Den Yaks ist das Dreckswetter natürlich relativ egal, aber so ein dickes Fell hab ich nicht.
Über den nächsten Fluss gibt's dann wenigstens mal eine Brücke. Ist auch besser so, die unzähligen und überaus feuchten Wasserquerungseinlagen kosten mich heute den letzten Nerv. 
Besonders weit komm ich allerdings nicht fort aus meiner Yakbehausung, da entläd sich das nächste Gewitter. Immerhin findet es mich unter dem blauen Plastikdach eines Teezelts in trockener Sicherheit, versorgt mit Tee und Literatur. Nächste Zwangspause.
Regen vorbei, weiter bergauf. Blick zurück ins Tal des Anstiegs: Eindeutig zu viel Wasser! Mittlerweile hat man mir auch erklärt, wie der Transport seiner Heiligkeit des großen Rinpoche erfolgen soll: Von drüben kommt er im eigenen Jeep über den Pass bis zum Teezelt, steigt dort auf eine Pferdekarawane um und überwindet die fünf völlig überfluteten Talkilometer reitenderweise. Am anderen Ende der Wasserorgie soll dann der Kargyak-Jeep von unten zur Abholung bereit stehen und den erhabenen Lehrer bis kurz vor das Kloster Phuktal chauffieren. Dort warten dann erneut ein paar Pferde für die letzten Kilometer. Na herzlichen Glühstrumpf, ob das wohl alles hinhaut?!
		
	 
Im Umkehrschluss bedeutet das jedenfalls, das mein weiterer Uphill zum Shingo La nun auf einer halbwegs gangbaren Piste verlaufen sollte. Naja... Piste... frisch aufgewühlter Erdhaufen triffts eher. Und natürlich kämpfe ich mich auch auf den restlichen Höhenmetern ein paar mal durch eisiges Wasser, teils fast auf dem Bauch liegend, zwei Füße in den versunkenen Boden gerammt, eine Hand auf nem Felsen, das Rad mit der anderen auf dem Rücken balancierend. Das ist heute verdammt noch mal kein besonderer Spaß!

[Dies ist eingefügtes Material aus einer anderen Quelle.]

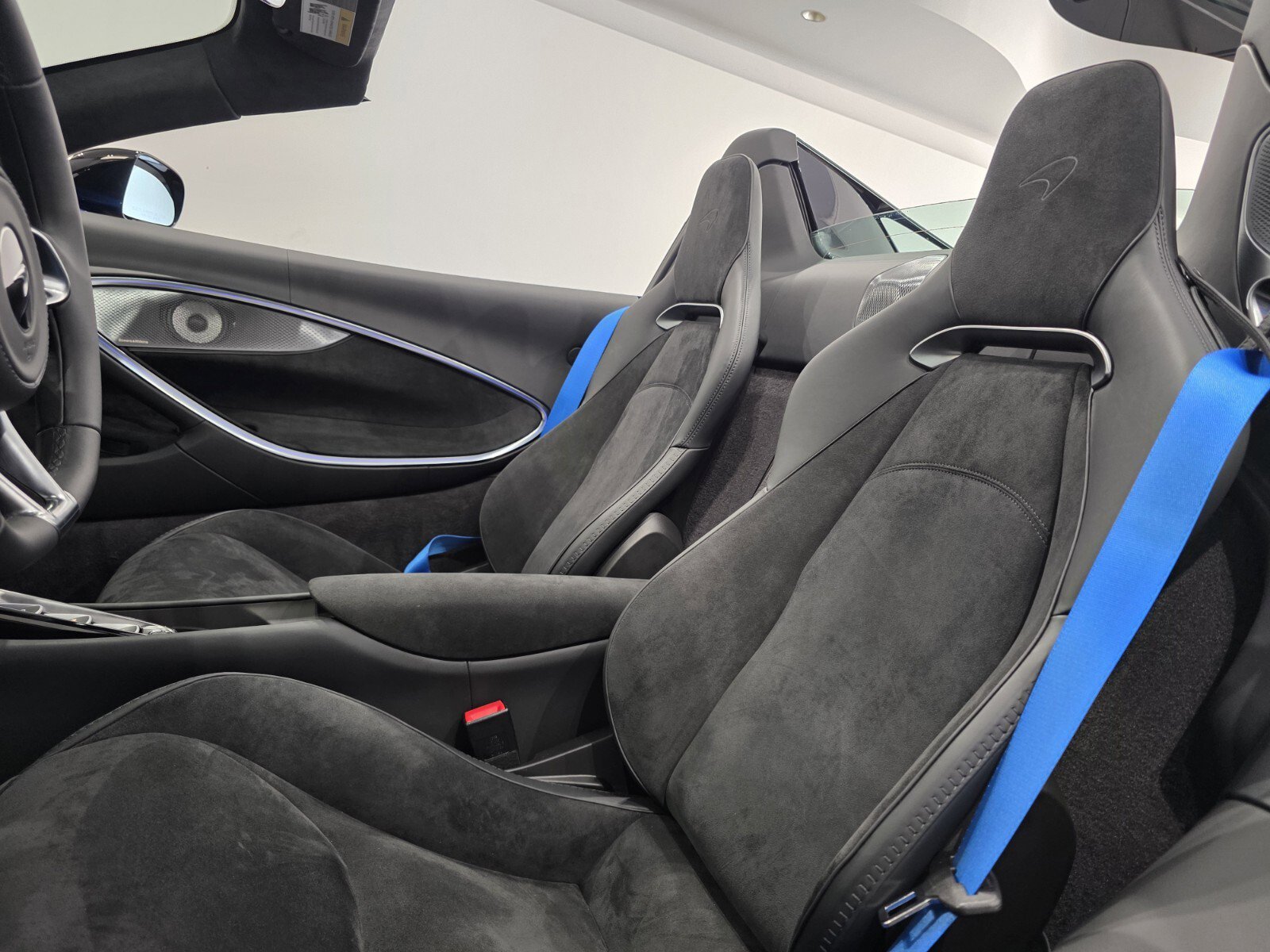 New 2026 McLaren Artura Spider RWD image 8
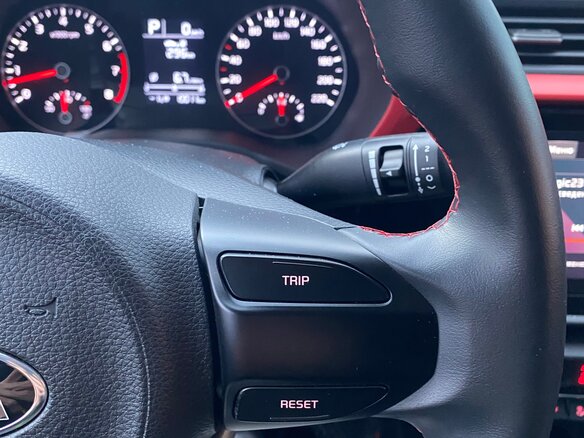 2021 Kia Rio IV Рестайлинг, белый, 1990000 рублей - вид 11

Ich brauche ingesamt geschlagene fünf Stunden für die kaum eintausend Höhenmeter von Kargyak hinauf zum Shingo La, zuzüglich zwei Stunden Regenpause. Die Hälfte davon musste geschoben oder getragen werden, so viel zum Thema "neue Straße". Die Reiseradler von gestern werden hier mit ihren 25kg-Packtaschen jedenfalls ihr persönliches Waterloo erleben, so viel ist sicher.
Wie auch immer: Sackangestrengt und nass bis auf die Knochen, trotzdem ist der Shingo La der letzte Pass meiner Zanskar-Durchquerung. Von jetzt an geht's nur noch runter, das krieg ich hoffentlich auch in meinem etwas desolaten Zustand noch gebacken!